With one notable exception, though.  NOBODY WAS FIGHTING.  The older they get, the more they seem to like each other. 

So today when I was surfing, I came upon a sermon about Good Friday (Yes, I know that was for Easter...which…yes, I know was a couple of weeks ago…but it’s that day late/dollar short thing again) The following snippet of a painting was used for an illustration in the sermon.  It obviously depicts the hand of Christ after the crucifixion.  The discoloration is what captured my attention.

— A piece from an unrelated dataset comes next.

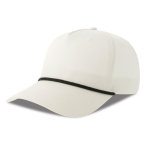 Boné de basebol de 5 painéis com cordão em contraste e fecho snapback cor branco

Hans Holbein the Younger, The Body of the Dead Christ in the Tomb, 1521-1522, oil on limewood. Kunstmuseum, Basel

I’ve seen many depictions of Jesus after the crucifixion.  His hands always have rather neat, sanitary looking wounds….like something that might have been caused by a ten penny nail or a big tack…and they are usually lily white. Yet, it was something more akin to a railroad tie that crushed his hands. There would have been bruising before death. There would have been discoloration after death. The picture is mesmerizing.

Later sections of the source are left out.